In an attempt to decrease its dependence on Russian exports, Ukraine is actively seeking foreign investment in its oil and gas industries to increase domestic production of energy resources and to develop methods of bypassing Russian pipelines. Ukraine produces only a small percentage of the oil and gas it needs every year and relies heavily on imports especially from Russia. Since joining the World Bank in 1992, Ukraine has received loans for twelve projects, four of which were for the energy sector: a $114 million loan to rehabilitate hydro plants, a $317 million loan to support electricity marketing improvements, a $15.8 million coal pilot project loan, and a $300 million coal sector adjustment loan. The State Statistics Committee reported in August 1997 that for the first half of 1997 foreign investment was up 75% as compared to the same period for 1996 attracting $335.5 million. It brought the total direct foreign investment in Ukraine to $1.65 billion. The Committee also reported that, since Ukrainian independence, 19% of the total foreign investment came from the United States, followed by Germany at 10%, the Netherlands at 9.7%, Britain at 7.9%, and Russia at nearly 7%.

The key to attracting foreign investors is Ukraine's privatization program for its energy industries. Although progress has been made, many obstacles remain. Valuing Ukrainian enterprises is nearly impossible. The Ukrainian constitution guarantees private ownership but still prohibits foreigners from buying land. Acquiring a controlling block of shares has proved difficult for foreign investors because many companies have already sold large packages of shares to workers, local residents, and trust funds. Share holders such as workers tend to block restructuring, and trust fund shares are sold at much higher prices than their normal value. Finally, conflicts between the president, the prime minister and parliament and other internal political conflicts have caused significant delays in instituting the economic reforms needed for the privatization process to move forward. In the last year, Viktor Pynzenyk, Ukraine's top economic reformer, resigned over budget battles with parliament and President Kuchma removed from office Bohdan Babiy, head of the state oil and gas committee, and Viktor Chebrov, head of the Derzhkomatom nuclear body for failing to fulfill their duties. In addition, Prime Minister Lazarenko continued to be plagued by accusations that he improperly helped United Energy Systems dominate the sale of natural gas in Ukraine as part of a gas trading plan that granted rights to import and distribute gas to a handful of well-connected companies.
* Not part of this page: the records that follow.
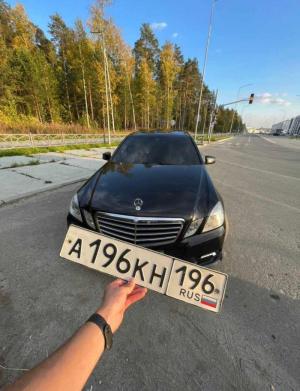 Фотография автомобиля с номером А196КН 196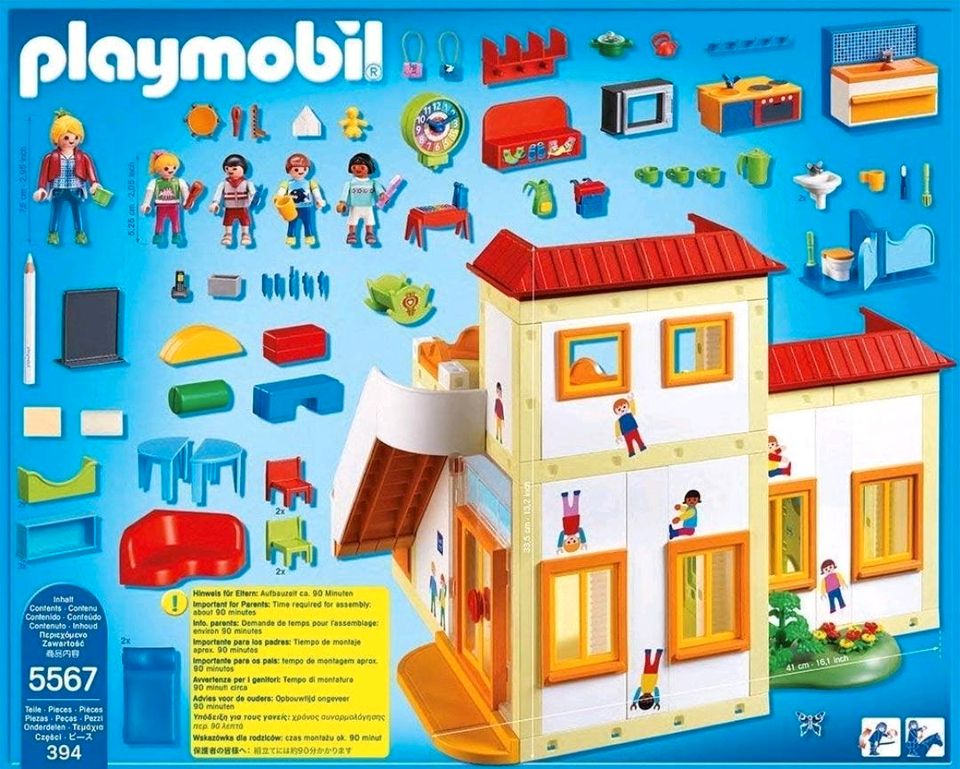 Playmobil KiTa Sonnenschein 5567 in Solingen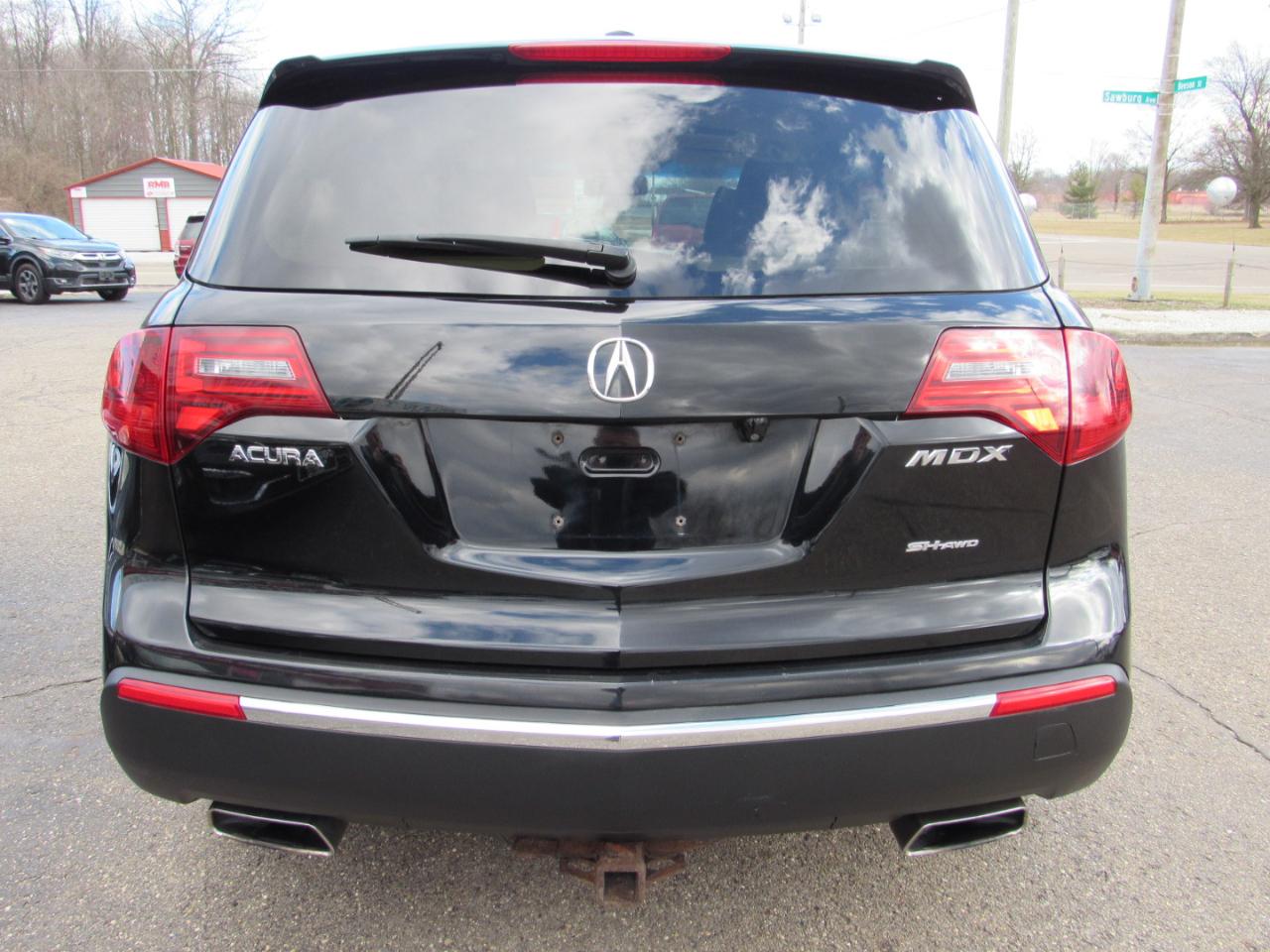 Acura MDX AWD 4dr 2012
Lazarenko eventually resigned under pressure in July 1997 and was replaced by Valery Pustovoitenko.

OIL

Ukraine's oil industry continues to rely heavily on Russian oil exports. At times, Ukraine's ability to pay for these supplies has been limited resulting in huge debts. In 1994, Russia began limiting oil shipments to Ukraine because of these debts, and as partial payment, Ukraine gave Russia a 30% stake in Ukrneftegaz. In October 1994, Ukraine and Russia negotiated a friendship treaty which increased Russian oil exports to Ukraine to 400,000 b/d.

Russian oil is also a source of revenue for Ukraine. Large portions of Russian pipelines run through Ukrainian territory and Ukraine charges tariffs for their use. In 1996, Ukraine increased Russia's oil transit tariff from $4.50 to $5.20 per metric ton. For 1996, Russia paid Ukraine $200 million in oil transit fees, $75 million on the Dnieper pipeline, and $125 million on the Druzhba (Friendship) pipeline. However, Ukraine announced in June 1997 that it would not increase tariffs on Russian oil being transported through the Druzhba export pipeline. Meanwhile, Russian oil companies are considering construction of a new 155 mile eastern branch of the Perm-Saratov-Novorossiisk pipeline in order to avoid transporting oil through Ukrainian pipelines and paying transit fees. In addition, Lukoil, one of Russia's largest oil companies, announced in January 1997 that it was considering buying shares in three Ukrainian oil refineries located in Drogobych, Kherson, and Odessa. In July 1997, Russia's Rosneft announced that it would bid for a 45% stake in the ailing Lisichansk refinery. In return for the sell off, Ukraine required promises from potential bidders to repay the refinery's $230 million debt and guarantee annual crude deliveries of 120,000 b/d over the next seven years.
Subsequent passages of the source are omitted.